EXERCISE AIM: For this exercise, the lines from the one with "Tipsport bar mapa" through the final line of the data below are to be transcribed exactly, and pictures are to be skipped.

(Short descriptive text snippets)
★ ★ ★ ★
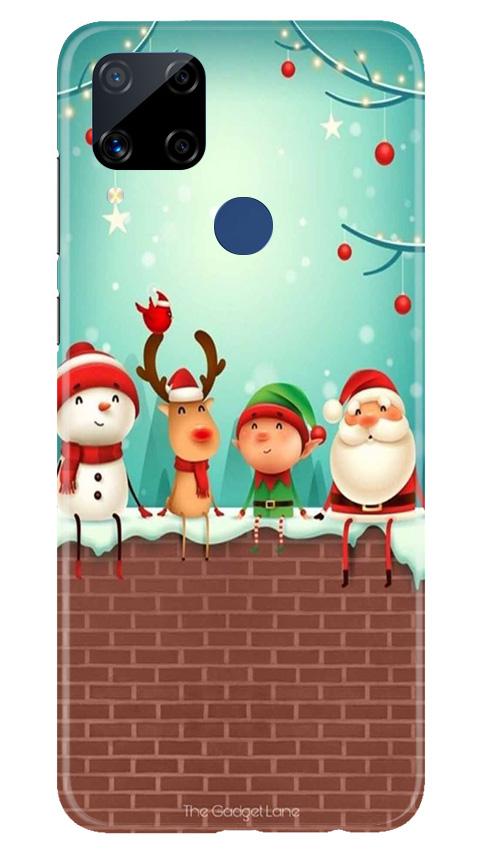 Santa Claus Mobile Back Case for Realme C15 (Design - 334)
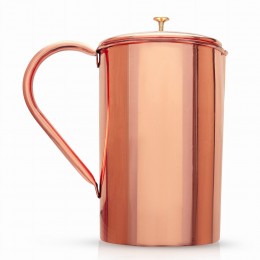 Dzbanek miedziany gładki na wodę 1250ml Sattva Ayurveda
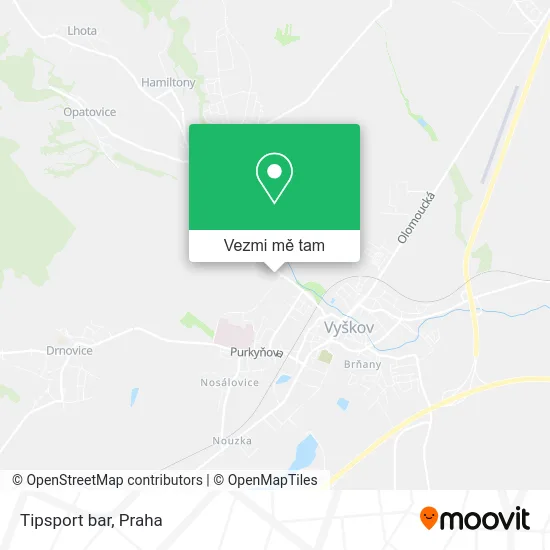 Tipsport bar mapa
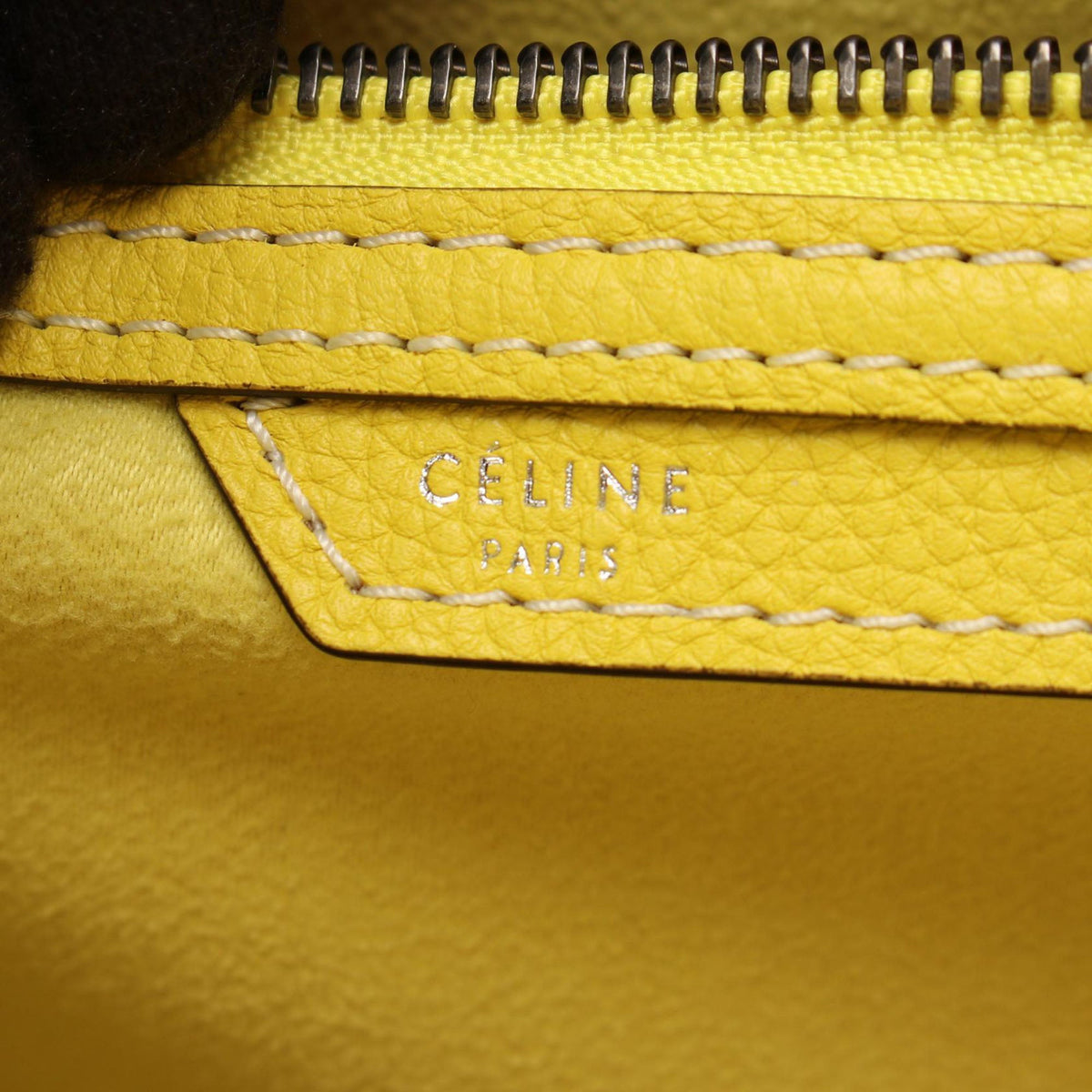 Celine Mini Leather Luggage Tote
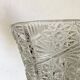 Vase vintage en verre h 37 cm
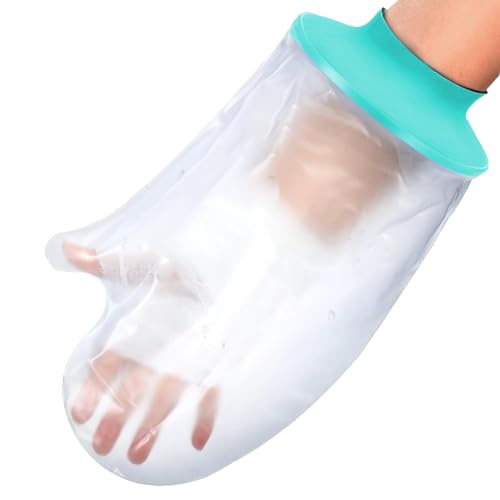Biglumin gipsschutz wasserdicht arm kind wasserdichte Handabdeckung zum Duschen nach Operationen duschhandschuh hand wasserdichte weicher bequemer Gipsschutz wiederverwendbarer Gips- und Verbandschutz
★ ★ ★ ★
TASK ANSWER:
 Tipsport bar mapa
 Celine Mini Leather Luggage Tote
 Vase vintage en verre h 37 cm
Biglumin gipsschutz wasserdicht arm kind wasserdichte Handabdeckung zum Duschen nach Operationen duschhandschuh hand wasserdichte weicher bequemer Gipsschutz wiederverwendbarer Gips- und Verbandschutz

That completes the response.